> _Your instructions_
Everything from the line containing "3006 13th St, Columbus, IN 47201 - photo 6" through the last line of the listing below should be returned exactly, except for pictures.

> _Data block_
= Beginning of Section =
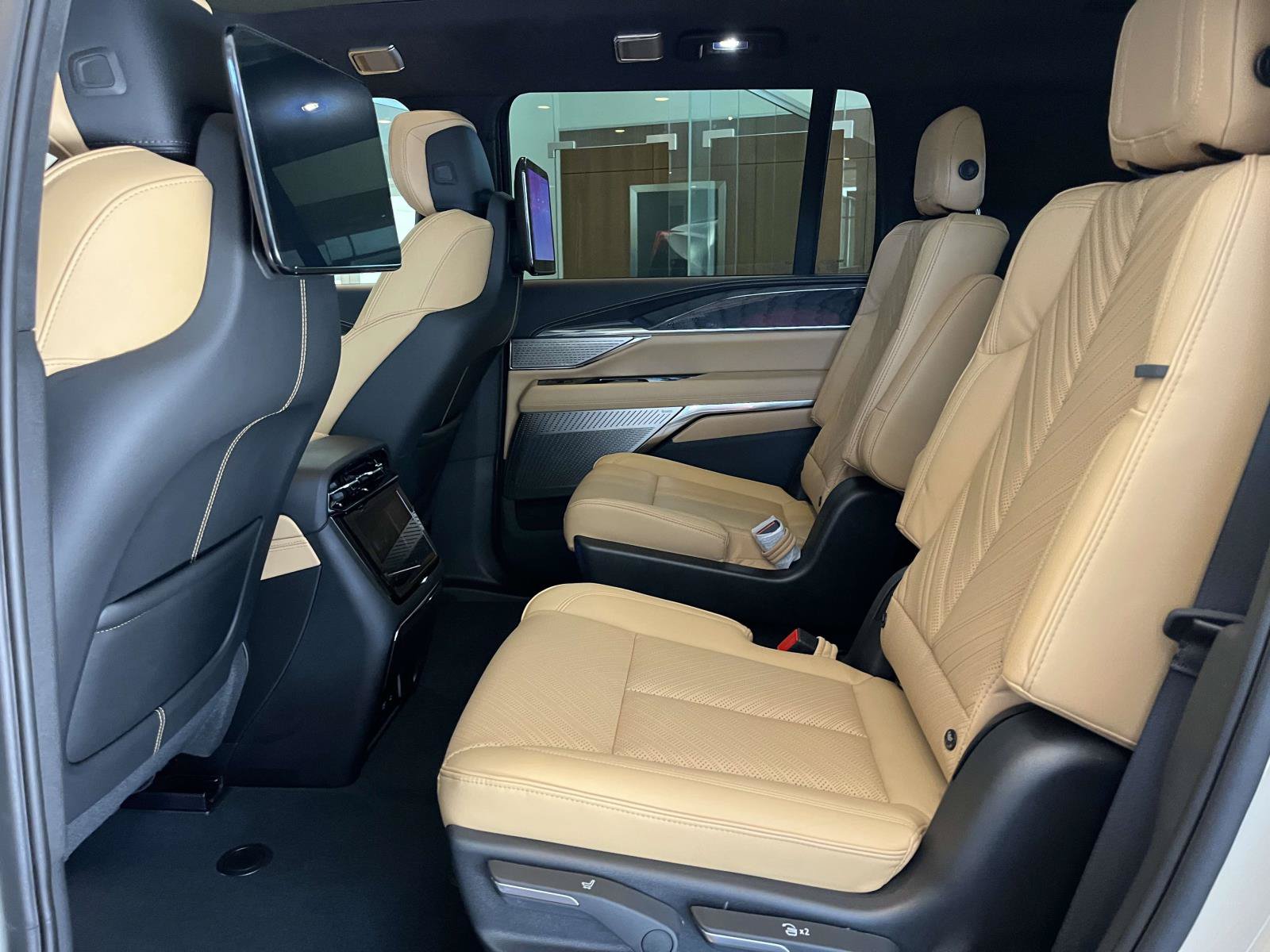 New 2026 Cadillac Escalade IQL Sport 2 w/ LPO, ONYX Package AWD/4WD image 14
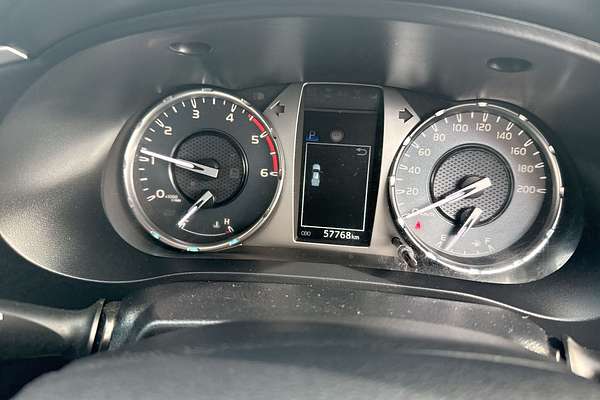 2020 Toyota Hilux SR5 GUN126R 4X4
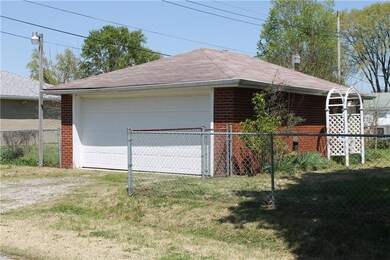 3006 13th St, Columbus, IN 47201 - photo 6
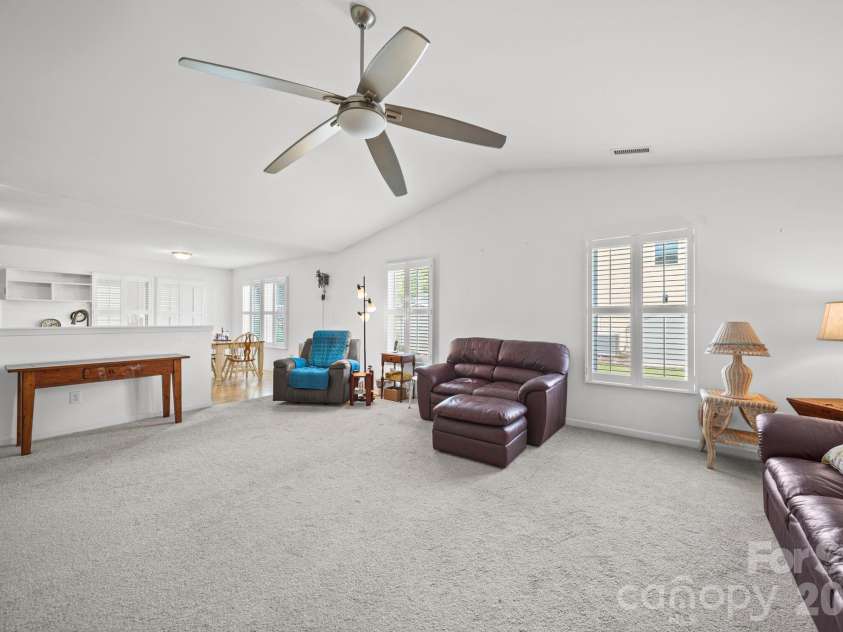 627 Smokehouse Lane, Albemarle, NC 28001.  MLS# CAR4412094, YatesRealty ID 31194. Great Room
= End of Section =
> _Answer to the exercise_
 3006 13th St, Columbus, IN 47201 - photo 6
 627 Smokehouse Lane, Albemarle, NC 28001.  MLS# CAR4412094, YatesRealty ID 31194. Great Room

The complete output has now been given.